By then he'd also staged a press conference in the Temple Gate Hotel. At the same conference O Se was asked who his selectors were. O Se said he wouldn't be able to reveal that for another few weeks. Yet the following Sunday, the names were there, in his new column.
The following Saturday week, O Se was to present honours of achievement to Clare underage players at a function in the Armada Hotel in Spanish Point, with the presentation moved forward to half-seven, before dinner, to facilitate O Se. He didn't arrive for another three hours, apologising for his tardiness and state by claiming, "I don't know how you bury your dead in Clare but this is how we do it in Kerry!"
The board and players though were still willing to believe in the Paidi factor, and for a while, it worked.
Eager to impress their new boss, they won their opening two league games. But then they started meeting better opposition and started resenting that he wasn't staying around for the end of some training sessions. One night he called a player over to commend him on his effort for the previous few months and the player pointed out it was only his second night on the panel; he had him confused with someone else.
The players are voting with their feet. Dessie Molohan cited injury as his reason for leaving yet the management have seen in the local press that he's scoring freely for Moher Celtic in the local soccer league. At least there he can get to kick a bit of ball.
Now today, they'll either struggle to beat . . . or become . . . one of the worst two teams in Ireland.
? ? ? Wicklow no longer have that tag. The Micko factor has worked. Today they dream of winning their first ever game in Croke Park and the county board has sold more than seven thousand tickets to people wanting to see it. There were nearly 200 people at his first training session . . . well, 121 . . . togged out, wanting to impress. Only 30 of them remain but Thomas Walsh is on board.
The O hAnnaidhs are back.
The buzz is back.
As known and as fond as O'Dwyer is of laps, the drills conducted by Kevin O'Brien have featured plenty of ball.

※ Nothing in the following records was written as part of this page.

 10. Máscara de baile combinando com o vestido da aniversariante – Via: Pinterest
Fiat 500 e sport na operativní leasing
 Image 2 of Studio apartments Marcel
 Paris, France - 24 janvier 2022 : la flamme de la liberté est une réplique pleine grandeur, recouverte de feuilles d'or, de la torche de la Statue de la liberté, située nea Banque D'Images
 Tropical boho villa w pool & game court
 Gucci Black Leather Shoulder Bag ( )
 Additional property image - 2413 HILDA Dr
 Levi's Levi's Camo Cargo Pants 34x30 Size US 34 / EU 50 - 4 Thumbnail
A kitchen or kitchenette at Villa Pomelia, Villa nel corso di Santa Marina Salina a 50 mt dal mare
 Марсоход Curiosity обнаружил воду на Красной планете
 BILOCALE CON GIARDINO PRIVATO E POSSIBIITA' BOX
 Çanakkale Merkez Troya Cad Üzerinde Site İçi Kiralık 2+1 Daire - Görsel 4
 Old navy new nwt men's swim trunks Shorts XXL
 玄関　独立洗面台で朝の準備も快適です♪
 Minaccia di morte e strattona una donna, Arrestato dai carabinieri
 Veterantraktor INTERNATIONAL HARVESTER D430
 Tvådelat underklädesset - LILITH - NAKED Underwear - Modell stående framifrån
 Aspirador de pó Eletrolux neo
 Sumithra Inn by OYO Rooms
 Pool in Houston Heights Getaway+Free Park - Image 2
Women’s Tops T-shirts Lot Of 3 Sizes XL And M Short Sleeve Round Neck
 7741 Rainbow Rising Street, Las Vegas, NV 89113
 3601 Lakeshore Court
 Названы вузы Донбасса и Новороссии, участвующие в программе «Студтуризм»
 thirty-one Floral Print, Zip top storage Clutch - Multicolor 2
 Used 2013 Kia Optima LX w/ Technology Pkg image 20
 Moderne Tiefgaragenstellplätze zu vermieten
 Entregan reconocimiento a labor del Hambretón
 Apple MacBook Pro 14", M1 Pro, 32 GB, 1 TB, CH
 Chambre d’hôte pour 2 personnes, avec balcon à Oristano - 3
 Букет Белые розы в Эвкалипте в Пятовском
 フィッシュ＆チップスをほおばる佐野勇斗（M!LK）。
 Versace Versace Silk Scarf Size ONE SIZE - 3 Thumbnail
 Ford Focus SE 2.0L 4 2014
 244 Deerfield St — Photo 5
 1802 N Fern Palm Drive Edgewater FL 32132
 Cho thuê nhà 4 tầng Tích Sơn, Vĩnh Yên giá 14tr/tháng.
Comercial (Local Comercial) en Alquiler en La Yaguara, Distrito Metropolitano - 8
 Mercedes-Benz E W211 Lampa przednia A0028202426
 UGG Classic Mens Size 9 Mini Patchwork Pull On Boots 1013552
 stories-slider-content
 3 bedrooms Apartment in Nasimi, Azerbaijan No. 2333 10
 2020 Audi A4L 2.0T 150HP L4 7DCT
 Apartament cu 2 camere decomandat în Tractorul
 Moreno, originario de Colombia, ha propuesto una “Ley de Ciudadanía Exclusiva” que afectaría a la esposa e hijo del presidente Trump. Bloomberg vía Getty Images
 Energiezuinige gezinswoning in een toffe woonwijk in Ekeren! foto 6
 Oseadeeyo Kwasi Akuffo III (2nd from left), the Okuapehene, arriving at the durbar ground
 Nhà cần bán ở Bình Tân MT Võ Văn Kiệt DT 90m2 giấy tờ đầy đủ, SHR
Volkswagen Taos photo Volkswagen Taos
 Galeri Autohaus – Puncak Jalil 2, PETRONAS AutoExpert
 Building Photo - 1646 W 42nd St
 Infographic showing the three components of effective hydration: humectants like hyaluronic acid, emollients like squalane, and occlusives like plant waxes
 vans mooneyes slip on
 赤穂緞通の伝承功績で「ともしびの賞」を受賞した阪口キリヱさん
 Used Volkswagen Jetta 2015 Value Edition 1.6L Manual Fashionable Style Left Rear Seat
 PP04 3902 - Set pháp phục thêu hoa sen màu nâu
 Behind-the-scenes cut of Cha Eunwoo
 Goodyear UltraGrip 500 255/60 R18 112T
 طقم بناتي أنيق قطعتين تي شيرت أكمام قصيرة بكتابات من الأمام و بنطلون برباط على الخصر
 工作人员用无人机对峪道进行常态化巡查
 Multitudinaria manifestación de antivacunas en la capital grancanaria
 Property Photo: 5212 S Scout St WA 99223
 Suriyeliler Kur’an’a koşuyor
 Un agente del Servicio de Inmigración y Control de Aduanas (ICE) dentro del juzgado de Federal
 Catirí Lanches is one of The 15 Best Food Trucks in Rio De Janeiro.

With ball, comes fun; to put the time young men give to this, he says, then it must be fun. In 10 seasons now working with O'Dwyer, Gerry McDermott has never once heard him use it to his players. Yeah, at times he struggles with their names, but he'll have fun with them too;
his new forward Dean Odlum is jokingly, and now endearingly, known as "the flour man".
He doesn't just preach the value of "total commitment";
he practises it. And yet, he reminds them, commitment is never an imposition, it's a choice. It's a principle he uses everywhere. A few weeks before the 1998 Leinster final, a prominent Kildare player asked him if he could skip over to America for a few days to see his girlfriend. O'Dwyer said he could, that he respected a man who felt that way about a woman, just there would be no place on the panel for him when he returned. That player won his Leinster medal.
O'Dwyer, with his suspicion of some more modern, cutting-edge techniques, might no longer be able to take a team from level four to the highest floor of level five, but such is his grasp of those other more fundamental and yet overlooked sources of confidence, there's no one better at bringing a team to another level. The secret is to get people thinking positively, especially about themselves. To do great things, you must first feel great. When he tells them "They're flying it, man! Flying it!" they feel he means it.
A coach once said, "Players don't care how much you know until they know how much you care." Throughout their respective careers, O'Dwyer and O Se have repeatedly shown how much they know about football. The difference this year is only one of them has convinced his players that he cares.